Donald Ryan Gallery, New York
January 22–March 7, 2026

Leslie Bohnenkamp, Blue Ice Herd, ca. 1979. Watercolor on coiled paper; fourteen sculptures, each approx. 20.3 × 7.6 × 32.4 cm.
Courtesy of Donald Ryan Gallery, New York.


Sometime in the seventies (no-one can remember precisely when), Leslie Bohnenkamp dedicated a solo show at Gimpel & Weitzenhoffer to work made of offcuts from a belt factory on Canal Street. One evening a few years prior, walking back from drinks at Fanelli’s, he had come across mountains of coiled industrial paper: long strips that had been placed beneath leather belts to protect the factory’s wooden presses. He scooped up as much as he could and brought it back to his boyfriend’s apartment. Over the next two years he returned periodically for the factory’s trash, charming the owner, and creating thousands and thousands of conical paper forms. Bohnenkamp is situated as a lesser-known minimalist in this exhibition at the new Donald Ryan Gallery, which presents a selected survey of these works, including sculpture, drawings, floor pieces, and small wall hangings.

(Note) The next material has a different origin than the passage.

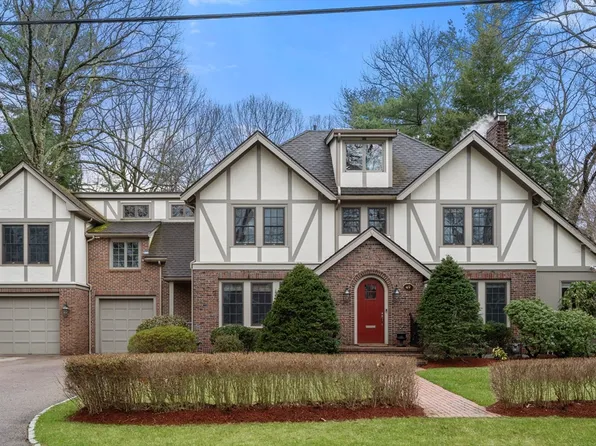 49 Whittier Rd, Wellesley, MA 02481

In Blue Ice Herd (ca. 1979), fourteen one-foot-high conical paper sculptures are arranged on the gallery floor, each a mottled shade of baby blue. The watercolor is applied lightly, leaving elements of the belt factory paper visible. That industrial material is countered by the distinct character of each member of “the herd” (as Bohnenkamp called it): the tips of their conic forms bend at slightly different angles, giving them a kind of organic appearance that invites fantasies of animism; I think of the oceanic desire that led sailors to invent mermaids from the fins and stomachs of dolphins. The artist himself often used maritime language for his coiled paper sculptures, sometimes describing them as shells, other times as waves. Having served in the Navy, stationed in Okinawa before being dishonorably discharged for soliciting a commanding officer, there is a trace of the water, its distended swelling, captured in his ginger arrangements.

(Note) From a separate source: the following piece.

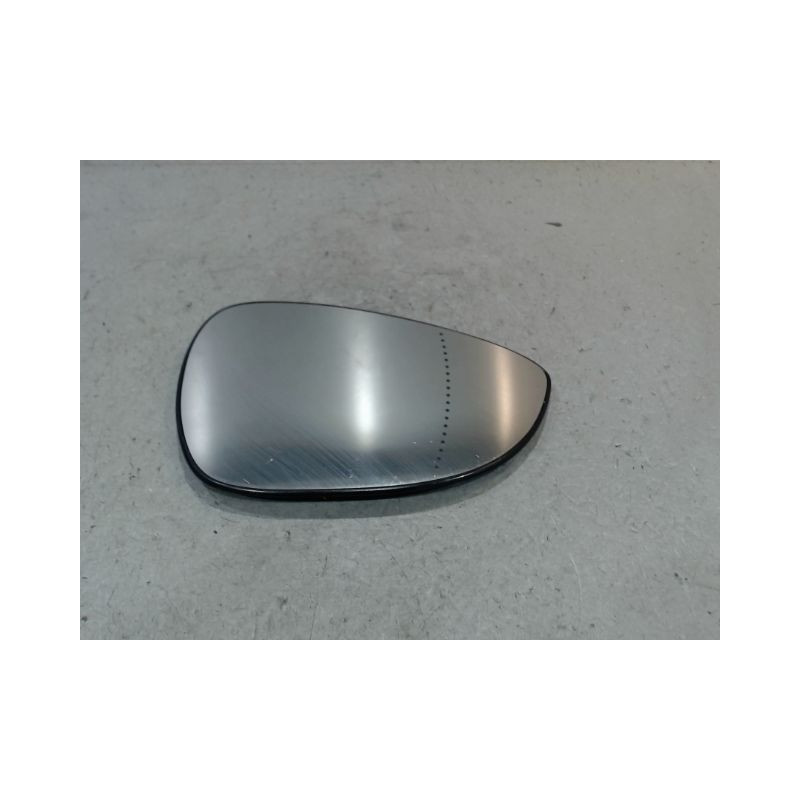 GLACE RETROVISEUR EXT D FORD B-MAX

Bohnenkamp’s work is playful and imprecise—he’s less interested in the minimalists’ “constant, known shape,” or the “obdurate identity of a material,” than in craft, and an inherent contingency reminiscent of Eva Hesse’s work, which Bohnenkamp greatly admired. The herd pieces specifically feel in lineage with Hesse’s Repetition Nineteen III (1968)— another iteration of the serial form, like Bohnenkamp’s, irregular and without hard edges, leaving traces of the hand. These affinities are aided by the display at Donald Ryan, an Upper East Side living room turned gallery. On the hardwood floors, flanking a lavish built-in fireplace, the pieces have a domesticity: a strange, almost lived-in sensation permeates the space. There’s something childlike to the works. They’re innocent, but also taciturn, changing moods the longer I stand with them. 

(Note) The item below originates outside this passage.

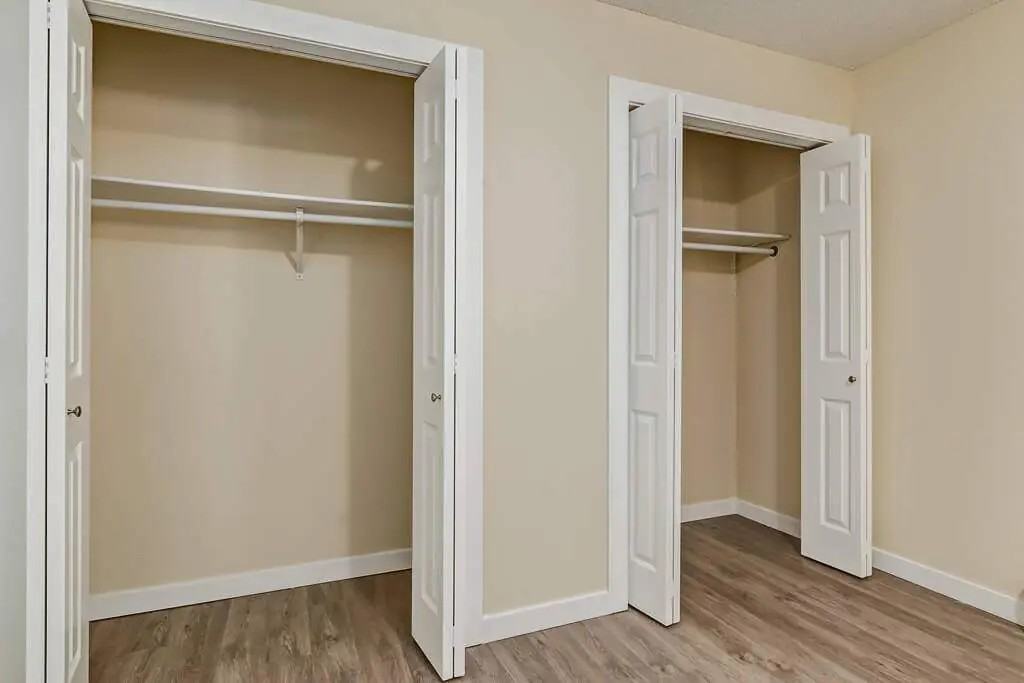 Brook Manor - Photo 7 of 13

When sculpting a singular curved paper work such as Coiled Form (ca. 1977), rather than serial forms meant for a herd, the artist’s technical training, honed while studying textiles at the University of Iowa, becomes clear. This tusk-like sculpture has a mathematical perfection and feels vaguely magical, sharing a visual iconography with Leonora Carrington’s surrealist hearing trumpet. Here, it is nested beneath Night Horizon 2 (1979) and Night Horizon #3 (1979), small shadow boxes made from roughly cut paper that display the moon, distantly, against a black-and-blue night sky.

Made in 1979 while Bohnenkamp was in residence at MacDowell artists’ colony, these makeshift planetariums seem intentionally raw, in contrast with the precision on view elsewhere. Their earnest, imperfect construction reminds me of the poet John Wieners who, when asked by an editor about his theory of poetics, replied, “I try to write the most embarrassing thing I can think of.”